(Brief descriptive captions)

═══

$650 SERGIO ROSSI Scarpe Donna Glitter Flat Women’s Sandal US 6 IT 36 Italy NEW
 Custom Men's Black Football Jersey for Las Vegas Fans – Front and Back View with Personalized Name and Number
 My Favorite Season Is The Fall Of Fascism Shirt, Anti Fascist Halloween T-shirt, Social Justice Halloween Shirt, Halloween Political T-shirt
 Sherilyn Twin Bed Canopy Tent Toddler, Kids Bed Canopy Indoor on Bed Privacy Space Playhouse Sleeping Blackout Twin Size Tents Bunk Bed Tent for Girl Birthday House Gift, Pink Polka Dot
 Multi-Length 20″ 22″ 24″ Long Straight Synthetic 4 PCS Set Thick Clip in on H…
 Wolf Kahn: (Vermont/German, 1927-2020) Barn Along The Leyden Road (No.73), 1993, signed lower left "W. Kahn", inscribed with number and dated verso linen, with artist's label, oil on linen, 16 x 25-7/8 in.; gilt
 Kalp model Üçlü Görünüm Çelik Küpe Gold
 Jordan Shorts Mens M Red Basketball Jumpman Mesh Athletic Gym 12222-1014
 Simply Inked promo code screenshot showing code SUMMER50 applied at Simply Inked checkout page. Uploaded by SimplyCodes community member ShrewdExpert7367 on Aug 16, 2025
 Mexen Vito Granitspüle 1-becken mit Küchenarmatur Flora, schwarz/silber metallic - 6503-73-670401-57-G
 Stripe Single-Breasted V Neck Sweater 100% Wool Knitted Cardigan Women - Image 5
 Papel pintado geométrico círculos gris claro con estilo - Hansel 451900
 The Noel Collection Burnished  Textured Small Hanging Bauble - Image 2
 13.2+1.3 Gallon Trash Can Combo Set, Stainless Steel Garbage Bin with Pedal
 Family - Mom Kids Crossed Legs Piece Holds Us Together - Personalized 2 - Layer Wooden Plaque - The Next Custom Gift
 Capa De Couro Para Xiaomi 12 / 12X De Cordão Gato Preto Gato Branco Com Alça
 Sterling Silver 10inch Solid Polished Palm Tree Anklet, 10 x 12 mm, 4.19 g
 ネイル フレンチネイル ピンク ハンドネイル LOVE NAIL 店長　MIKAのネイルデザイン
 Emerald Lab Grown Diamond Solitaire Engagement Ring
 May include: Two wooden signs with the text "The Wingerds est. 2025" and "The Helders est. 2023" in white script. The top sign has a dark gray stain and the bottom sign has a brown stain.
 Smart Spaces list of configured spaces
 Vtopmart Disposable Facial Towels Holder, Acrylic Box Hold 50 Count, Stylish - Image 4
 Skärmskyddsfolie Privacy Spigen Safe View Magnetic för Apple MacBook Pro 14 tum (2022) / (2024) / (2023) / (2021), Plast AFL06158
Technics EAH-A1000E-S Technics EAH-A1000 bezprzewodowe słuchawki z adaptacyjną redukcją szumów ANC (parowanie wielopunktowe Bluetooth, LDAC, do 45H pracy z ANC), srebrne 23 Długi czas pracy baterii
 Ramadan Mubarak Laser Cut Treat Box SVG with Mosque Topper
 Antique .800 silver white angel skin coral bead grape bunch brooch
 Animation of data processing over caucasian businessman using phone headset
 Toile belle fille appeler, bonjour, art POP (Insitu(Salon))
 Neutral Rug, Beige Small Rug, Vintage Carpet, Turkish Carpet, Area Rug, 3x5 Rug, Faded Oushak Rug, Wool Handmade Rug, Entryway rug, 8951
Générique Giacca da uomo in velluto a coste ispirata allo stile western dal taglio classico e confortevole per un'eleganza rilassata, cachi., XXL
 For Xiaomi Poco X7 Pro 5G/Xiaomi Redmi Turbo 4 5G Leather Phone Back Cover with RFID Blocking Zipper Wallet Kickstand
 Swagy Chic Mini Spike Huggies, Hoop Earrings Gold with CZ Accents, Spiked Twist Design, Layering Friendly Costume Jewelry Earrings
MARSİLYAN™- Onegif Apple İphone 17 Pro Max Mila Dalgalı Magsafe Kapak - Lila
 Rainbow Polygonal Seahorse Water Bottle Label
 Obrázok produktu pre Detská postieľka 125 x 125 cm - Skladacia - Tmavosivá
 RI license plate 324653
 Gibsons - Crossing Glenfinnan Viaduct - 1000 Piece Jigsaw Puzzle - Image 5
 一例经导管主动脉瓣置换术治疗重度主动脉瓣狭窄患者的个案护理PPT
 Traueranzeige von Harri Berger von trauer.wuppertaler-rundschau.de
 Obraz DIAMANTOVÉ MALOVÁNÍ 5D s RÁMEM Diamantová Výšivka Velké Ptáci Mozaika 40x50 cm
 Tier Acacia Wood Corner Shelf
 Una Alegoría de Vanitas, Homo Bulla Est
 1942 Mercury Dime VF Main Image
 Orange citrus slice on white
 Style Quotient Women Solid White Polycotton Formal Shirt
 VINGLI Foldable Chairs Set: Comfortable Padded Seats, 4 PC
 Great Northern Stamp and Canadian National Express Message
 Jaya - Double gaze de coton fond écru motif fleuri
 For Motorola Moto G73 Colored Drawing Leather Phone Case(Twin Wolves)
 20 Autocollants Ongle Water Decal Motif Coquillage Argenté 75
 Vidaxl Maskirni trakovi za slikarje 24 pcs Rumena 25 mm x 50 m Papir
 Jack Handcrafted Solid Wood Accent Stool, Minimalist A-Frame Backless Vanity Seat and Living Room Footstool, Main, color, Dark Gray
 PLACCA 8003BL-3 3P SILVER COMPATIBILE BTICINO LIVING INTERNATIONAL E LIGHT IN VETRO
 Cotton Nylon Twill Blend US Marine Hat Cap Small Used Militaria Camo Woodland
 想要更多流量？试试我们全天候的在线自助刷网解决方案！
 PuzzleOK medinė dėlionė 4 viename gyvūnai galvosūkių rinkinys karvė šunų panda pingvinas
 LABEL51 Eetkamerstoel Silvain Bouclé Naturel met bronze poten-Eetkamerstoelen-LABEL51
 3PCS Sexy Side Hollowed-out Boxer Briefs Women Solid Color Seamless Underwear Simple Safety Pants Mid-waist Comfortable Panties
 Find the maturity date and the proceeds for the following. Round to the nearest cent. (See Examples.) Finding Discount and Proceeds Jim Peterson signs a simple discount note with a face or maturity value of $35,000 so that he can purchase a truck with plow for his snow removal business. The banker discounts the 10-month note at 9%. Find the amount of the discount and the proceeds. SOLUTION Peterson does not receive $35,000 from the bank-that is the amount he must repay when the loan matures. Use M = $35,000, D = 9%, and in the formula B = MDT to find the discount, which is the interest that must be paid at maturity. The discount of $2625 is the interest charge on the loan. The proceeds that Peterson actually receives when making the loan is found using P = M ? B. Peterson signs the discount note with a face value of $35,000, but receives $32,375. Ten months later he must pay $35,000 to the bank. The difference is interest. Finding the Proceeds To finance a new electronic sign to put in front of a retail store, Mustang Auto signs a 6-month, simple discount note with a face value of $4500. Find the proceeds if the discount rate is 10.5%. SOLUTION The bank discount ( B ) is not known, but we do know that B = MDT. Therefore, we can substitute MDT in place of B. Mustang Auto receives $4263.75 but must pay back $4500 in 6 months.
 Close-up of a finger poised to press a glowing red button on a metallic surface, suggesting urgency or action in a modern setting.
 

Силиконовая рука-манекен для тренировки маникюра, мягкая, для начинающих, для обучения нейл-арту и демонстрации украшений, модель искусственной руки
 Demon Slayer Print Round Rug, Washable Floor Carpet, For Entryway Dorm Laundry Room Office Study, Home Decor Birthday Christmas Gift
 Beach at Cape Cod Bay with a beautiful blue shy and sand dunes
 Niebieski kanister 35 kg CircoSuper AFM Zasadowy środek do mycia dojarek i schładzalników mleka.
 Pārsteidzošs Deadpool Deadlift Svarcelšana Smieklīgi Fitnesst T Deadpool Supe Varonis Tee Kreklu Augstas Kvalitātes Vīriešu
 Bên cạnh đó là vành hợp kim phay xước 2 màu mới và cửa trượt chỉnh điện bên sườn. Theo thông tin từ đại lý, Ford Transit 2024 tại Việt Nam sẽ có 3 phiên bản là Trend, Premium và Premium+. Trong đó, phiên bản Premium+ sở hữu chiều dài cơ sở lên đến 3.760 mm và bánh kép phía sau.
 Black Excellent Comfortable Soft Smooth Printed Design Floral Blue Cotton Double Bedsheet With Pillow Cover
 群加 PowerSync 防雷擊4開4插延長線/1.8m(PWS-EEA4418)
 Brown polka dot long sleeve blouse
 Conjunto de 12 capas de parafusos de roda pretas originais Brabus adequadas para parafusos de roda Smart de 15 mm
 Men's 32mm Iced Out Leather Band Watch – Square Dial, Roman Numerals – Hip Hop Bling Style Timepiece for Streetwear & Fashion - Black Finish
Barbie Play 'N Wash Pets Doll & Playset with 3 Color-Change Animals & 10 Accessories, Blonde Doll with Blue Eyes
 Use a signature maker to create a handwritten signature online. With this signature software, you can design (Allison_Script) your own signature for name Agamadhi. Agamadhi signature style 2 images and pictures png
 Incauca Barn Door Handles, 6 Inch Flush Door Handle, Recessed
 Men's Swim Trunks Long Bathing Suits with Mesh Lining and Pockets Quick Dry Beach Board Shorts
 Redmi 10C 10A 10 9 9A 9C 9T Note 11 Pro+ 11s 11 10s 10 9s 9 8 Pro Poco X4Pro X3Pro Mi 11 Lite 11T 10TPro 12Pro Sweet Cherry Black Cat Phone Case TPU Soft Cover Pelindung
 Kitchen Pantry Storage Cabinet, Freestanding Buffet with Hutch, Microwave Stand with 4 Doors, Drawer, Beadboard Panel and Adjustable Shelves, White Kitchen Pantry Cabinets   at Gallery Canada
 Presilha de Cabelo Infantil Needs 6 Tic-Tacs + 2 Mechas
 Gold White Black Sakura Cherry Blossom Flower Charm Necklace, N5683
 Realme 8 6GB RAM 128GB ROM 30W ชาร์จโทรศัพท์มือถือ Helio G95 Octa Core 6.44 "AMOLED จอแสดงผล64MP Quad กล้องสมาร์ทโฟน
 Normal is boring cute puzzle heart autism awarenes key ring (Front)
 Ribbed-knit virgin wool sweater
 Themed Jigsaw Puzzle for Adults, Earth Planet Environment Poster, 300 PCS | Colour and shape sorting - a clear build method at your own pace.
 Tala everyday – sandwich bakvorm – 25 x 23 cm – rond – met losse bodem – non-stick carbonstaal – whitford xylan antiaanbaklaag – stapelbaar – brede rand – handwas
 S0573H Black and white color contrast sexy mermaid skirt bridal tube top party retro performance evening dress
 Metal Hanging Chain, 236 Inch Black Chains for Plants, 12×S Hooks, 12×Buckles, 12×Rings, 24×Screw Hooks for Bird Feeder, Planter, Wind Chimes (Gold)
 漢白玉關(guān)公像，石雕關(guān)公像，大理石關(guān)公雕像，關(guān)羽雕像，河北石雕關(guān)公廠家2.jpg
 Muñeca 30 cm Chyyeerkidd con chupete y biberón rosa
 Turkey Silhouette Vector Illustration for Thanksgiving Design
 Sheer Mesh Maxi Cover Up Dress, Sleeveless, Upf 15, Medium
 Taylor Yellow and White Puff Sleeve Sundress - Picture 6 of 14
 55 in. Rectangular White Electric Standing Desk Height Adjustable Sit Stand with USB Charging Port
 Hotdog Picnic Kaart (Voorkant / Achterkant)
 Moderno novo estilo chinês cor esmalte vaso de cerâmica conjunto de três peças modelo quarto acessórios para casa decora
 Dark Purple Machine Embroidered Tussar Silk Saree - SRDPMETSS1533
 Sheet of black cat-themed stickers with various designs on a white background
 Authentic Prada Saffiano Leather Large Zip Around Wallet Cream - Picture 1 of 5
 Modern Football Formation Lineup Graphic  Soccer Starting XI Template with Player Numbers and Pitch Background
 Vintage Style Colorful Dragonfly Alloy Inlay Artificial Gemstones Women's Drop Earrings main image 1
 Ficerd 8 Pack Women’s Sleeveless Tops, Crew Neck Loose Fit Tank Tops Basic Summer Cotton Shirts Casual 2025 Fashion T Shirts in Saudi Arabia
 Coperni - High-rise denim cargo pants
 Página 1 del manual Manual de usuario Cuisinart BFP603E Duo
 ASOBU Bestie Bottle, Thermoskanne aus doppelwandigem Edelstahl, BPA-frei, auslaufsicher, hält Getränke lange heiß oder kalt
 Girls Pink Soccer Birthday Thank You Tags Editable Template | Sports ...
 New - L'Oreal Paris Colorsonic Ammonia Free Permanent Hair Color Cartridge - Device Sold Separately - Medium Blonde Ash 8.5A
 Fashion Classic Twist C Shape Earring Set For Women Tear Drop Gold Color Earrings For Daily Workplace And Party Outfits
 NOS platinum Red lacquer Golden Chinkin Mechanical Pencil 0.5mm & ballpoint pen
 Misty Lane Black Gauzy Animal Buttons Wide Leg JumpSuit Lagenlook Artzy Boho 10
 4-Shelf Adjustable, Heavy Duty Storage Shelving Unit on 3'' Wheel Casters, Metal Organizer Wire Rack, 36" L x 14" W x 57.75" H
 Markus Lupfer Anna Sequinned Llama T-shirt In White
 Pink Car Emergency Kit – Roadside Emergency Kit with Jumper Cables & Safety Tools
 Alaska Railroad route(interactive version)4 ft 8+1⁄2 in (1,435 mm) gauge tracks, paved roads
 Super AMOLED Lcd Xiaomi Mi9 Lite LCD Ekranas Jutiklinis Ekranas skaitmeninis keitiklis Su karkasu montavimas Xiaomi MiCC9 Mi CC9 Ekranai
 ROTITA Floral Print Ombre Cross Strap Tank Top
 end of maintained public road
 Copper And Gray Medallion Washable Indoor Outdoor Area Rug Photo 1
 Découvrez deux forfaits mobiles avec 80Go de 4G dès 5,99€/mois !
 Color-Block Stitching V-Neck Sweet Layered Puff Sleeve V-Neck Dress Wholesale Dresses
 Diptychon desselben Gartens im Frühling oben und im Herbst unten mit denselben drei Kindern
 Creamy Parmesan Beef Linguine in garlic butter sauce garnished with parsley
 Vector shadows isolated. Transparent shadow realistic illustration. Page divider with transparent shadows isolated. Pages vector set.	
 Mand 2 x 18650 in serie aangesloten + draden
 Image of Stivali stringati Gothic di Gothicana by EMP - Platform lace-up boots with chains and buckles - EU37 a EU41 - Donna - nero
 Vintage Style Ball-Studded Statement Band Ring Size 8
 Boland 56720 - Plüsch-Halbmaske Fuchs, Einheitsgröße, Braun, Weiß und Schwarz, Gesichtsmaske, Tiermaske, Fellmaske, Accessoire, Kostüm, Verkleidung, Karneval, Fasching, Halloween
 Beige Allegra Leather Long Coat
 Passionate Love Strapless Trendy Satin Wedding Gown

═══

Exercise goal » Copy the lines above exactly. Start with the line containing "Redmi 10C 10A", end with the line containing "Ribbed-knit virgin wool sweater", and include both.

Result »
 Redmi 10C 10A 10 9 9A 9C 9T Note 11 Pro+ 11s 11 10s 10 9s 9 8 Pro Poco X4Pro X3Pro Mi 11 Lite 11T 10TPro 12Pro Sweet Cherry Black Cat Phone Case TPU Soft Cover Pelindung
 Kitchen Pantry Storage Cabinet, Freestanding Buffet with Hutch, Microwave Stand with 4 Doors, Drawer, Beadboard Panel and Adjustable Shelves, White Kitchen Pantry Cabinets   at Gallery Canada
 Presilha de Cabelo Infantil Needs 6 Tic-Tacs + 2 Mechas
 Gold White Black Sakura Cherry Blossom Flower Charm Necklace, N5683
 Realme 8 6GB RAM 128GB ROM 30W ชาร์จโทรศัพท์มือถือ Helio G95 Octa Core 6.44 "AMOLED จอแสดงผล64MP Quad กล้องสมาร์ทโฟน
 Normal is boring cute puzzle heart autism awarenes key ring (Front)
 Ribbed-knit virgin wool sweater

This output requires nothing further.